(ブルームバーグ):28日の東京外国為替市場の円相場は1ドル=143円台半ばで取引されている。米国と中国との貿易摩擦が緩和に向かうとの期待がドルを支えている一方、米国の日本に対する円安是正を巡る観測が重しになっている。
あおぞら銀行の諸我晃チーフマーケットストラテジストは「前週に材料が一巡した」と語り、日本銀行の政策決定や米雇用統計などのイベントを週後半に控えている上に祝日前で動きにいとして「方向感は出づらい中、上値は重い」と述べた。10時前の仲値に向けては「ドル買いは続かず、売りが出たようだ」との見方を示した。

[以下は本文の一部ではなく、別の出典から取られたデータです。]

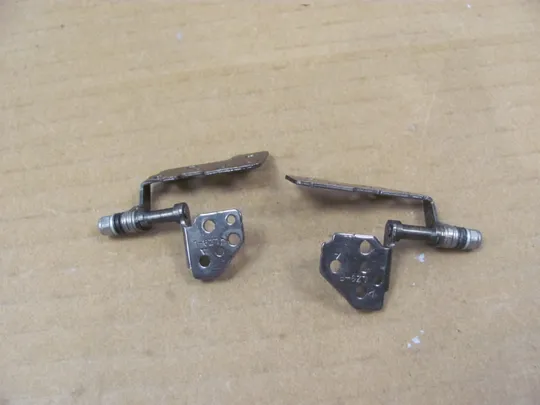 813-15 петлі кріплення  для LENOVO IDEAPAD U430P U430 оригінал З аукціону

円相場は25日の海外市場で一時144円03銭と、14日以来の水準まで下落した。中国政府が米国からの一部輸入品を125%の関税対象から除外することを検討しているとのブルームバーグ報道を受け、米中摩擦緩和への期待が高まった。日米間での円安・ドル高是正を巡る思惑がいったん後退したことも円売りにつながった。
三菱UFJ信託銀行資金為替部マーケット営業課の酒井基成課長は、前週のリスクオフ巻き戻しの流れでドル・円は比較的しっかりだと話す。ただ、「関税政策による米経済の不確実性、景気後退懸念といった本質的な問題は解決していない」と言い、「新しいヘッドライン次第では円買いが強まる展開になる可能性がある」と述べた。

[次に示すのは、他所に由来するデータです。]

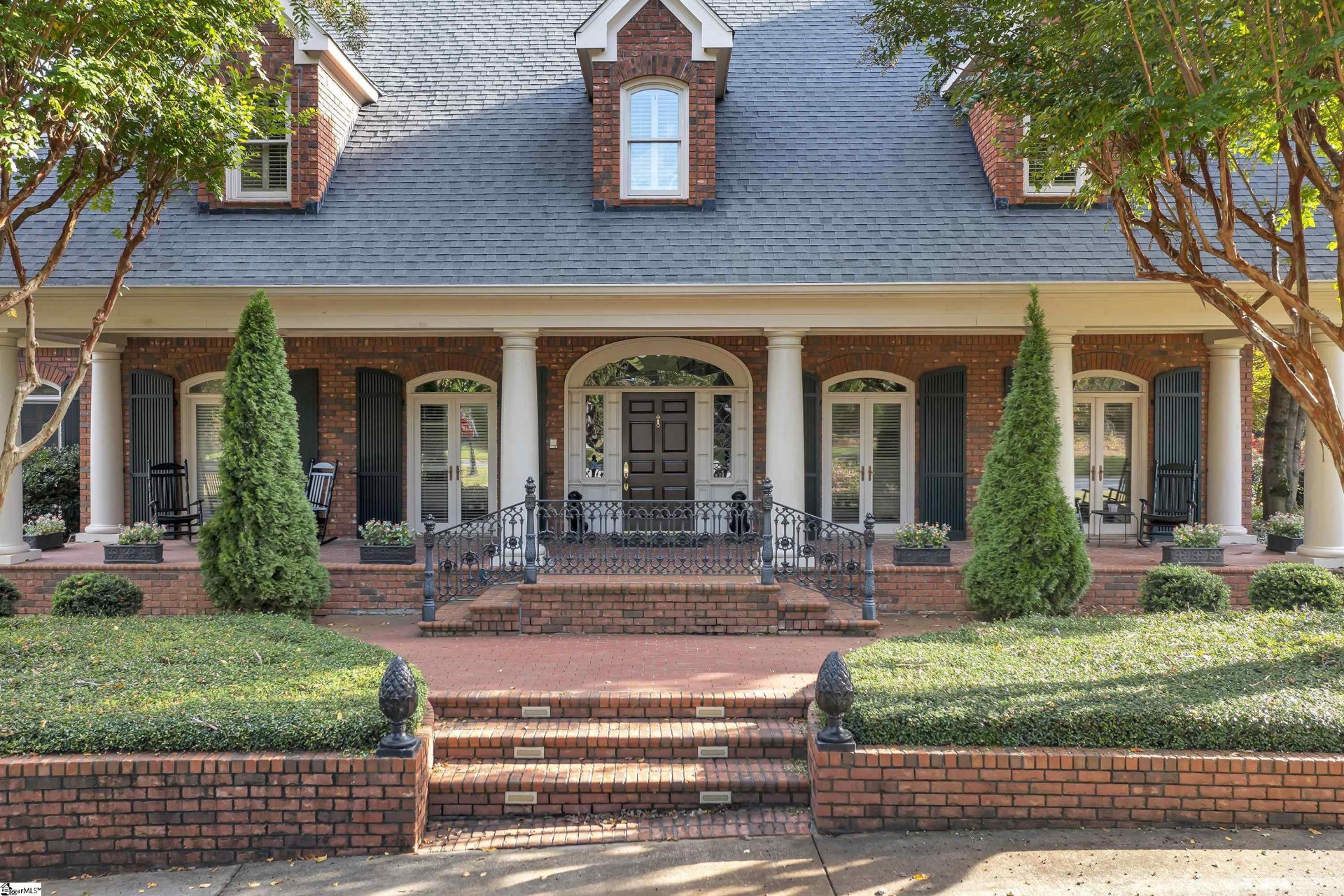 Property image 1 at 201 Somerset Forest Lane, Simpsonville, SC 29681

三村淳財務官は28日、先週米ワシントンで開催された日米財務相会談において、米国側から円高・ドル安が望ましいとの発言はなかったと語った。
あおぞら銀の諸我氏は、読売新聞が米国から円高・ドル安が望ましいとの発言があったと伝えたことについて、三村淳財務官や加藤勝信財務相は否定したが、「市場では米国側は円安是正への意向が強いとの見方があり、ドルは上に行きにくい」と述べた。
読売新聞は日米財務相会談について26日付朝刊で、ベッセント財務長官は「ドル安・円高が望ましい」と述べ、トランプ米大統領の意向に沿って為替水準への強い懸念を表明した模様だと報じていた。